Dataset:
○ ○ ○ ○

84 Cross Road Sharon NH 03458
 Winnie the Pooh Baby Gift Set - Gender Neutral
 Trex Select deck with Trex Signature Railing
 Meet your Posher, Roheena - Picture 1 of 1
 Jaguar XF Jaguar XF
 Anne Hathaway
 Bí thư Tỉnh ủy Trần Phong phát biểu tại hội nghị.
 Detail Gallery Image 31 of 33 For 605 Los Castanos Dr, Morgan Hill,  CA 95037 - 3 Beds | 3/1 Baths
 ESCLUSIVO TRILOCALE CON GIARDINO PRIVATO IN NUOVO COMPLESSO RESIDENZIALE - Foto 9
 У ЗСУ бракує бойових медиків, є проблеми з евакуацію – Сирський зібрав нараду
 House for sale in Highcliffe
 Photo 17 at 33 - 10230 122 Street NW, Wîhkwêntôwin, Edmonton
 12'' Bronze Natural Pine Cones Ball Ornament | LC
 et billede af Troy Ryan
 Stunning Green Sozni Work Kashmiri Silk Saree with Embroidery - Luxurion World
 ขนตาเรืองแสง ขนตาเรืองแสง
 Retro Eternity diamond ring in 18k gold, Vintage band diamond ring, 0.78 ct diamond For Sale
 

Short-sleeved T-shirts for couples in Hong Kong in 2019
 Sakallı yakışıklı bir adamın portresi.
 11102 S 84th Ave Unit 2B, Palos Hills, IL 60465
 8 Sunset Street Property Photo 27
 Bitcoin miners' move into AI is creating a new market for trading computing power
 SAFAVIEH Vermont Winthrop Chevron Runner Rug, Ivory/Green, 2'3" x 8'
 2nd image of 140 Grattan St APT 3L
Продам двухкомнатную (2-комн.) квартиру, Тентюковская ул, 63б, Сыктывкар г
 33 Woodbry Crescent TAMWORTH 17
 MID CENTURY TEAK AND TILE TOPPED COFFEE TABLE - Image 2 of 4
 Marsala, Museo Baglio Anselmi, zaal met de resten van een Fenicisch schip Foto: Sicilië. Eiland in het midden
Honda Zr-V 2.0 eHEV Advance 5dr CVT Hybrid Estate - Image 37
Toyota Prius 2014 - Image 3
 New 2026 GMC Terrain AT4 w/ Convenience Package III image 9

○ ○ ○ ○

Work request: Copy out the material, keeping every line exactly as it is.

Reply:
84 Cross Road Sharon NH 03458
 Winnie the Pooh Baby Gift Set - Gender Neutral
 Trex Select deck with Trex Signature Railing
 Meet your Posher, Roheena - Picture 1 of 1
 Jaguar XF Jaguar XF
 Anne Hathaway
 Bí thư Tỉnh ủy Trần Phong phát biểu tại hội nghị.
 Detail Gallery Image 31 of 33 For 605 Los Castanos Dr, Morgan Hill,  CA 95037 - 3 Beds | 3/1 Baths
 ESCLUSIVO TRILOCALE CON GIARDINO PRIVATO IN NUOVO COMPLESSO RESIDENZIALE - Foto 9
 У ЗСУ бракує бойових медиків, є проблеми з евакуацію – Сирський зібрав нараду
 House for sale in Highcliffe
 Photo 17 at 33 - 10230 122 Street NW, Wîhkwêntôwin, Edmonton
 12'' Bronze Natural Pine Cones Ball Ornament | LC
 et billede af Troy Ryan
 Stunning Green Sozni Work Kashmiri Silk Saree with Embroidery - Luxurion World
 ขนตาเรืองแสง ขนตาเรืองแสง
 Retro Eternity diamond ring in 18k gold, Vintage band diamond ring, 0.78 ct diamond For Sale
 

Short-sleeved T-shirts for couples in Hong Kong in 2019
 Sakallı yakışıklı bir adamın portresi.
 11102 S 84th Ave Unit 2B, Palos Hills, IL 60465
 8 Sunset Street Property Photo 27
 Bitcoin miners' move into AI is creating a new market for trading computing power
 SAFAVIEH Vermont Winthrop Chevron Runner Rug, Ivory/Green, 2'3" x 8'
 2nd image of 140 Grattan St APT 3L
Продам двухкомнатную (2-комн.) квартиру, Тентюковская ул, 63б, Сыктывкар г
 33 Woodbry Crescent TAMWORTH 17
 MID CENTURY TEAK AND TILE TOPPED COFFEE TABLE - Image 2 of 4
 Marsala, Museo Baglio Anselmi, zaal met de resten van een Fenicisch schip Foto: Sicilië. Eiland in het midden
Honda Zr-V 2.0 eHEV Advance 5dr CVT Hybrid Estate - Image 37
Toyota Prius 2014 - Image 3
 New 2026 GMC Terrain AT4 w/ Convenience Package III image 9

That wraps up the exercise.